A full computer vision platform built on three custom-trained YOLO models — each handling a distinct detection task — unified into one product with a clean operator dashboard. The R&D involved the full machine learning lifecycle: collecting real-world data, annotating it, training, evaluating, iterating, and then integrating those models into a scalable production system.
The Three Models
Object Detection
General-purpose detection layer — identifies and classifies objects within a camera frame. Forms the foundation that the vehicle-specific models build on. Trained from scratch using YOLO on collected real-world data.
Vehicle Detection
Specialized model trained to detect and classify vehicles by type (car, motorcycle, truck, bus) in traffic camera feeds. Trained on real Indonesian road and parking environments. Outputs: vehicle counts, type distribution, traffic flow by time period.
License Plate Recognition
Two-stage pipeline: Stage 1 locates the plate region within the vehicle bounding box; Stage 2 runs OCR on the cropped region. Trained on Indonesian plate formats. Outputs: plate number logs, most frequently detected plates, entry/exit tracking.
The Full ML Pipeline
Data Collection
Gathered real-world footage from traffic environments. Manually collected and curated datasets for Indonesian vehicles and license plates — no public dataset was sufficient for local conditions.
Data Annotation
Labeled bounding boxes and classes for each object type across thousands of images. Quality of annotation directly determines model quality — this step was as important as training.
Model Training (YOLO)
Trained each model from scratch using the YOLO architecture. Tuned hyperparameters, managed class imbalance, and iterated based on validation performance.
Evaluation
Measured precision, recall, and mAP (mean Average Precision) for each model. Re-collected data and retrained where performance fell short in specific conditions (night, rain, angle, occlusion).
Integration & Productization
Wrapped trained models into Python inference services, connected to the platform backend, and exposed results through the Vue.js dashboard with real-time and historical views.
Tech Stack
Architecture Decisions
RTSP + MediaMTX Streaming
Live video doesn't flow through a REST API — it needs a dedicated media transport layer. MediaMTX receives RTSP streams from cameras, routes them to Python inference services, and redistributes annotated output streams to dashboard consumers. Multiple clients can watch the same stream simultaneously without overloading the source.
Why RabbitMQ?
Camera streams produce detection events continuously and at high volume. Writing every event directly to a database would create a bottleneck. RabbitMQ acts as a buffer — inference services push events to a queue, and consumers process and store them asynchronously. This keeps the system stable under load and makes horizontal scaling straightforward.
Key Challenges
No suitable training data for Indonesian conditions
Public datasets don't represent Indonesian vehicles, plates, or road environments accurately enough for production use. I collected and annotated training data from real local environments — time-consuming but non-negotiable for model quality.
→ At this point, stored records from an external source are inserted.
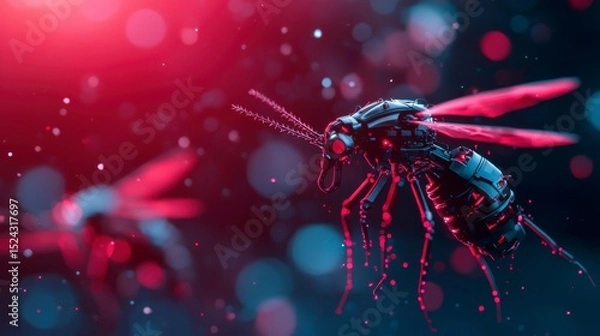 Obraz mosquitoes interacting Futuristic mosquito with robotic features against a colorful bokeh background.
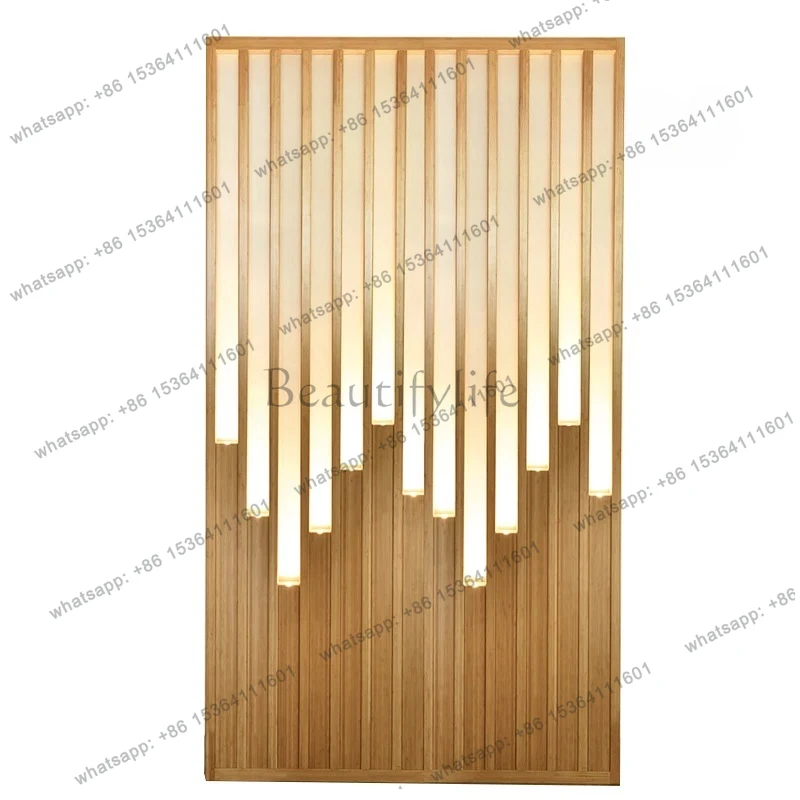 

Nordic living room screen dining room partition spotlight grille entrance decoration modern bamboo and wood light luxury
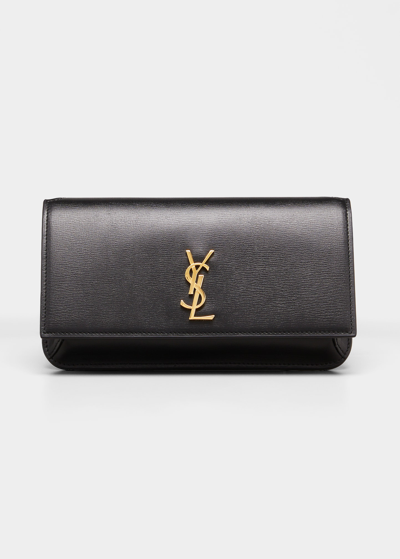 Shop Saint Laurent Ysl Monogram Phone Holder Shoulder Bag In 9830 Vintage Peac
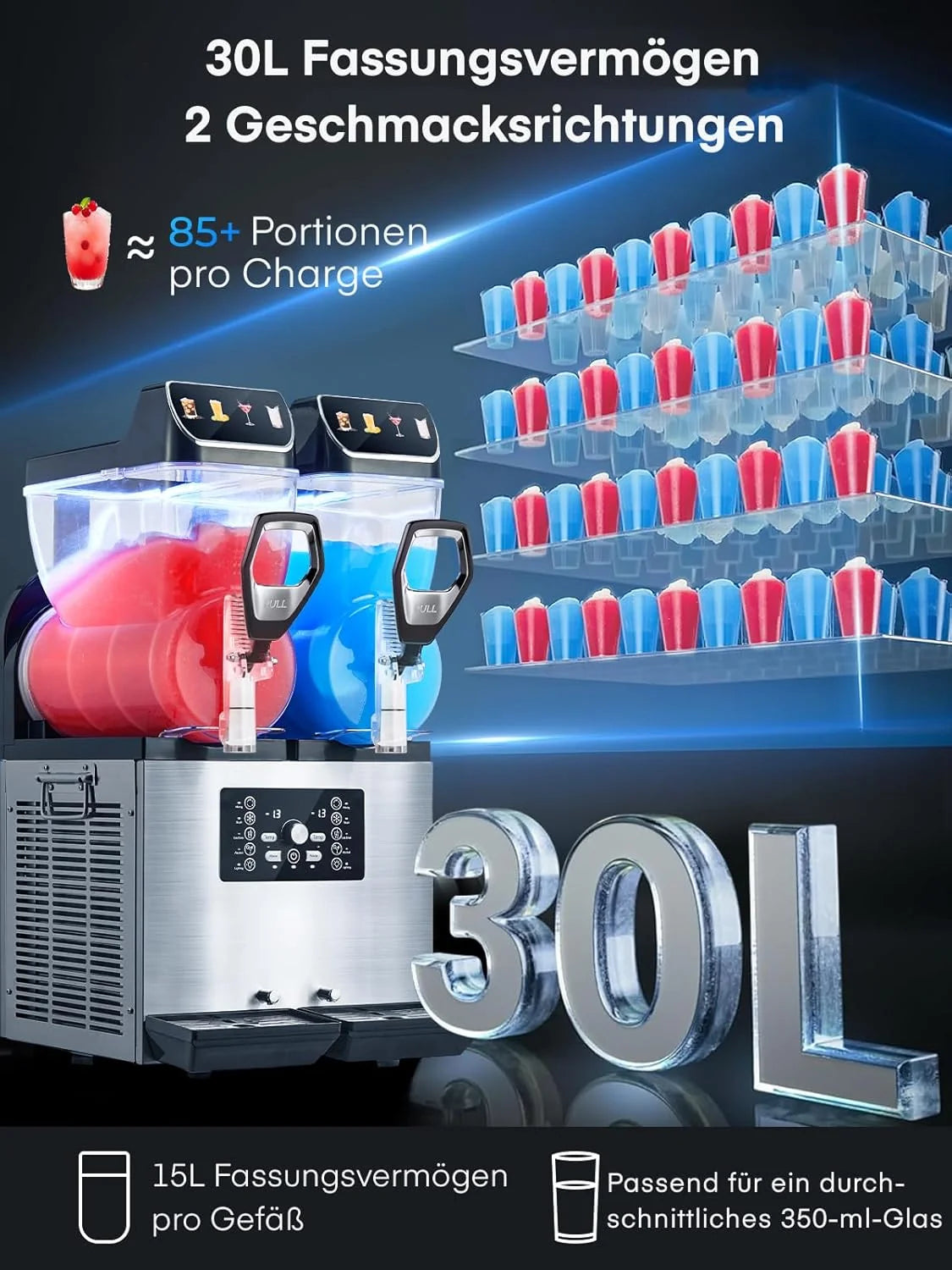FOHERE Kommerzielle Slush Maschine. 30L Tanks Slush Eis Maschine.Unabhängige Tank Kontrolle. Slushie Maschine für Restaurants Café Bars Party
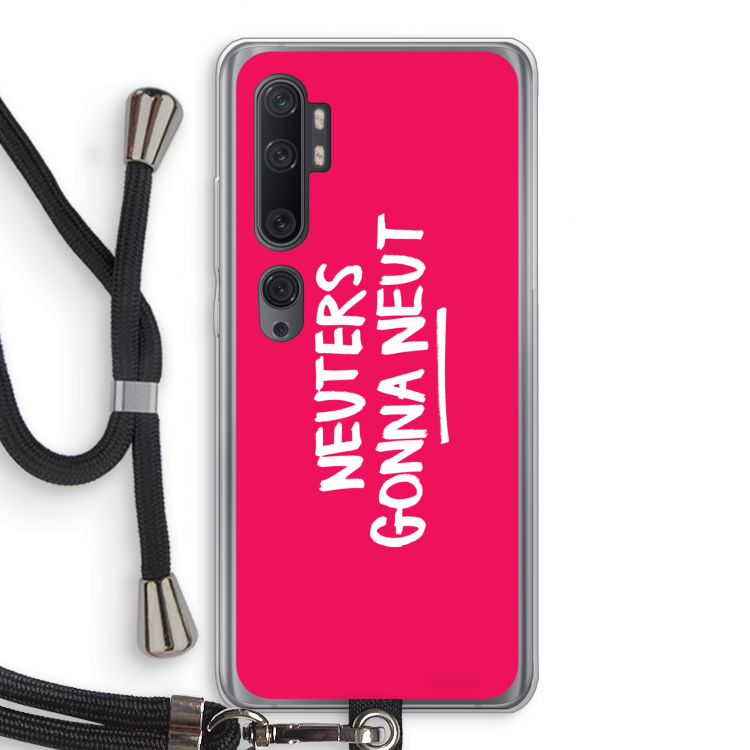 Neuters (roze): Xiaomi Mi Note 10 Pro Transparant Hoesje met koord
Plate recognition accuracy under real-world conditions
Plates appear at angles, in motion, in low light, and partially obscured. A two-stage pipeline (detect plate region first, then run OCR on the cropped region) significantly improved accuracy compared to end-to-end approaches.
Processing high-volume camera streams without data loss
Real-time detection from multiple feeds generates enormous event volume. RabbitMQ solved this by decoupling inference from storage — keeping inference fast and writes reliable even under heavy load.
Making computer vision accessible to non-technical users
Most CV systems require technical setup to operate. Abstracting all of that into a dashboard-driven service creation flow meant rethinking the product from the operator's perspective, not the engineer's.
This project taught me what "research and development" actually means in practice: you don't just build — you question, test, fail, learn, and rebuild.
Getting good at computer vision meant getting good at data — because a great model trained on bad data is a useless model. Productizing the models — turning research into something operators could use without technical help — was a different challenge entirely. It's where I learned that the hardest part of AI isn't the model. It's the system around it.